Automate VFX Sequence Titles
This tip comes by way of George McCarthy, who was our VFX Editor extraordinaire on Mission: Impossible 4. I also created an online EDL to SubCap Converter you can use in lieu of the more manual way described below.
If you're on a show that has to turnover a sequence to a VFX house, you'll likely find the need to export a Quicktime of that sequence with titles over any shot in the sequence that will be a VFX shot. This reduces confusion between Editorial and the VFX vendor, and is useful not only to label each shot with the shot ID, but also because it's not always obvious which shots are supposed to have work done to them. Makeup fixes, for example, wouldn't be immediately obvious when scrubbing through a Quicktime, but if you title the shot then it's easy for the VFX vendor to match your count sheets to a visual reference.
Before Avid added Generator clips to the effect palette, you had two options for titling your sequence. One was to manually type in shot names, durations, etc., and save each title individually in a bin. The other was to attempt to use the Autotitler function that existed in Marquee, though almost immediately after Marquee came out, Avid broke the Autotitler in a software update and left it that way for years. In either case, you'd still be left with the task of manually cutting in titles over each shot, which is a tedious and error-prone task.
There are now multiple methods for doing this in a more automated fashion, including one I just learned about that uses the Timecode generator plugin over a subclip, but in this article I'll look at using the SubCap effect and feeding it a text file converted automatically from an EDL.
Prepping an EDL
There are a couple reasons why an EDL is handy for generating a subtitle file. The first is that you can include locators in the EDL, so you can reuse the locators you've already created in your sequence that list each shot's ID. The second is that by using an EDL instead of a straight locator export, you can get timecode ins and outs for the shot, so that the subtitle is the appropriate length. From this you can also calculate the duration if you'd like to include that in your title.
So the first step is to make sure your sequence is ready, you've run the Commit Multicam Edits command, and all of your VFX shots have a locator somewhere on them that lists the correct shot ID. Save your bin and open the sequence in EDL Manager. You do not have to lift out non-VFX shots from your sequence, but you do need to make sure that Locators are turned on in the EDL settings, and that your EDL type is CMX3600.
Export an EDL from the video layer where your VFX locators exist, and then either use the converter I created to do it for you, or bring that into a text editor that allows regular expression Find & Replace (such as TextMate or jEdit). This is the regular expression I use to grab all the right bits from the EDL
\d{3}[^\n]*([0-9:]{11})\s([0-9:]{11})\s?\n(?!\d{3})(?:.*\r?\n(?!\d{3}))*?\* LOC: [\d:]{11}\s(\w+)[^\S\n]+([^\r\n]+)\r?\n?

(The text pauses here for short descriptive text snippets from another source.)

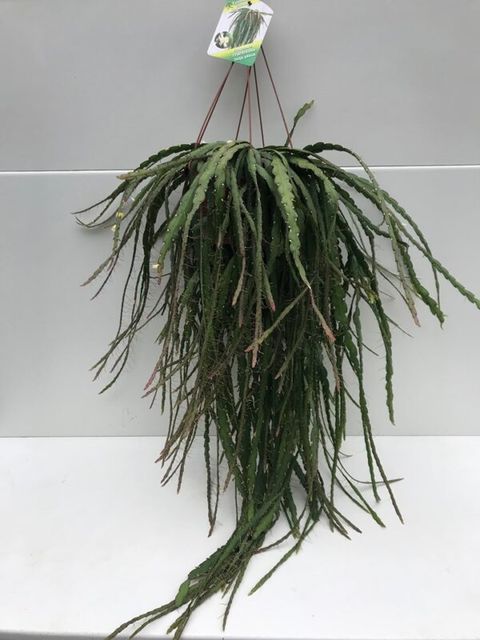 Rhipsalis cruciformis
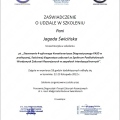 Powiększ obraz: certificate 1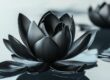 yoga sommières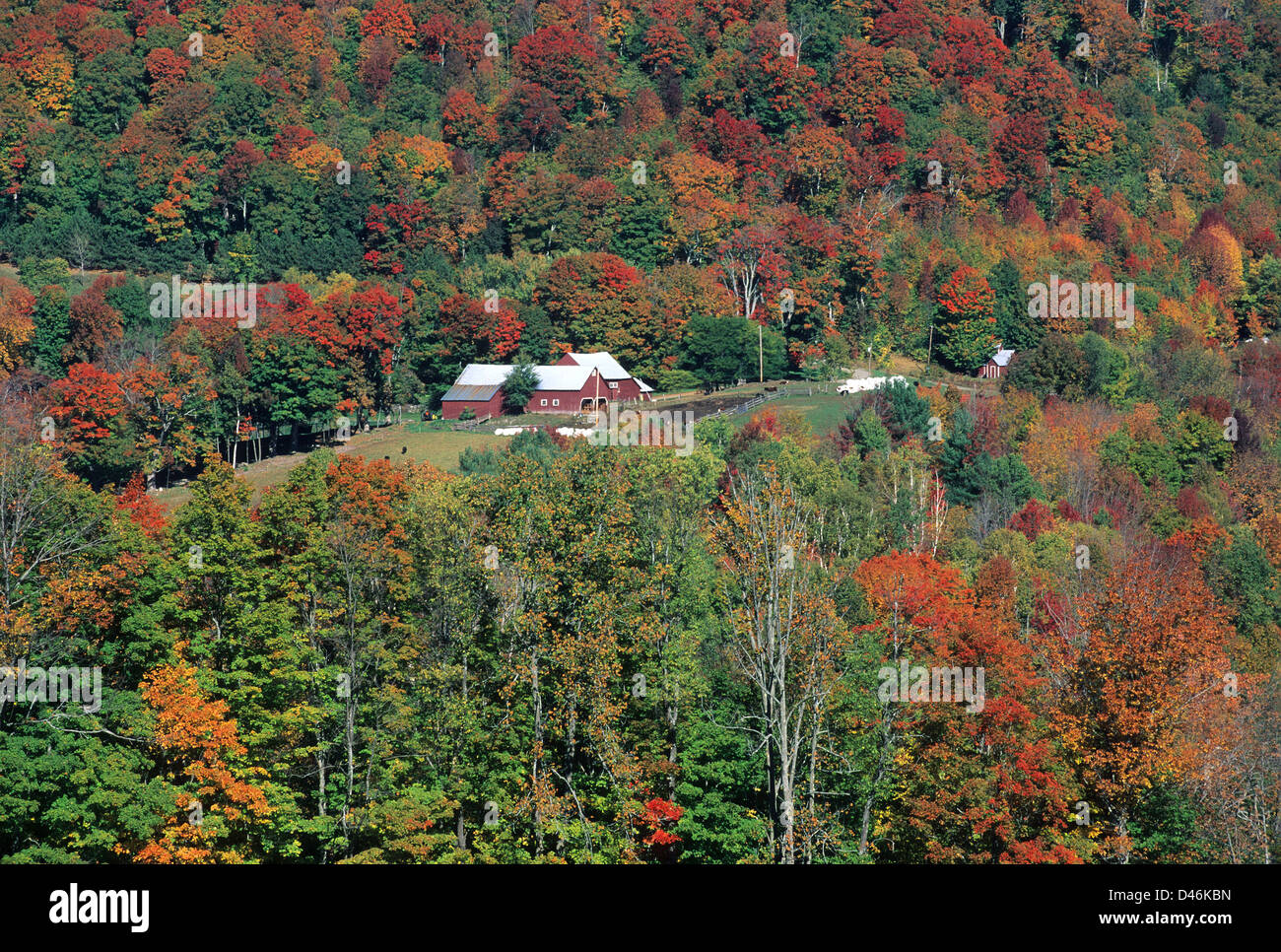 Elk280-1260 Vermont, Pomfret, countryside with autumn foliage Stock Photo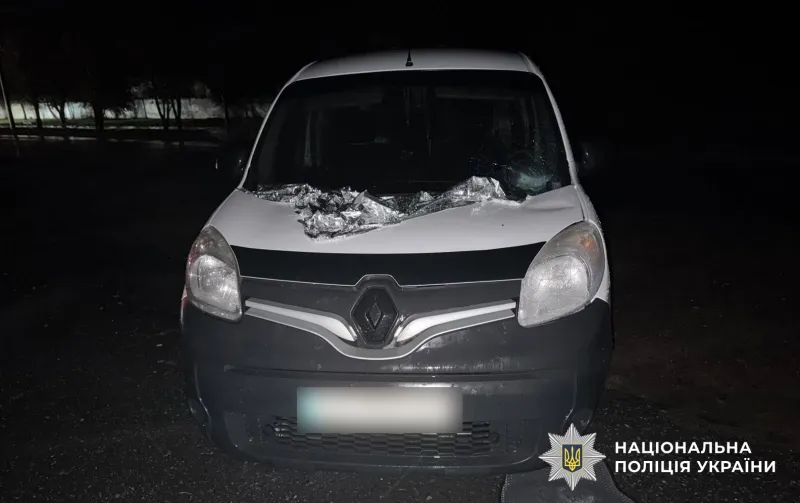 У Пирятині п'яний водій Renault Kangoo на смерть збив пішохідку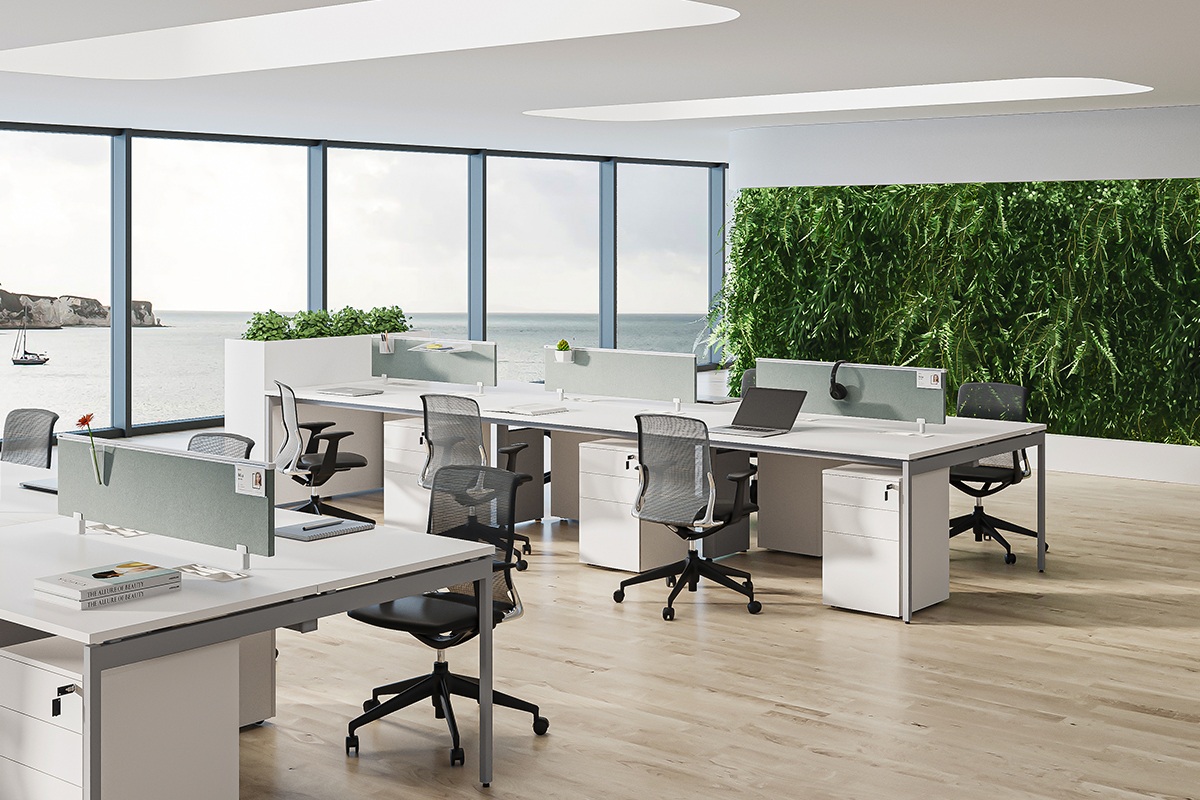 Commercial office reception and workstation area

Looks scary, I know. But that one line of gibberish looks for any series of lines in an EDL that include an EDL event next to a Locator comment. When it finds one, it saves the timecode in and out for the sequence as well as the color and text from the locator. With all that information saved you could choose whether or not to use the color to handle a certain color of locator differently than another, or to calculate a duration based off the timecodes. Using backreferences, you could fill in your Replace field with $1 $2\n$4\n\n, for example, and that would give you the format you need for a SubCap file. This RegEx won't get rid of all of the non-vfx EDL events that you would want to ignore, so you'd have to go through and do that manually remove those lines or write a RegEx that negates the one above. Don't forget to add the opening and closing tags, too. A small sample of the final product of a SubCap file looks like this:
<begin subtitles>
04:00:00:00 04:00:08:00
CS0010 (FORMERLY CS1000)
04:00:42:22 04:00:51:00
CS0020
<end subtitles>
Importing into the SubCap effect
Once you've got your SubCap text file, throw a SubCap effect on an empty video layer and go to Import Caption Data to bring your titles in. Make your adjustments for appearance (make sure to check out the Global Properties pane as well), and optionally you can save a stylesheet for the future so you only have to make those adjustments once.
Check Your Work!
This is the last step, and it's very important. Just because the process is automated doesn't mean that there wasn't an error, or that your source EDL was perfect. Check your sequence to make sure it has everything it's supposed to and nothing extraneous. Even on small shows there can be a lot of hands in the locator jar, and you might find an errant locator buried in a nested clip, or a missed two-cut shot that got separated from its locator. If you need to add a title, it's easy to do so from the SubCap effect editor).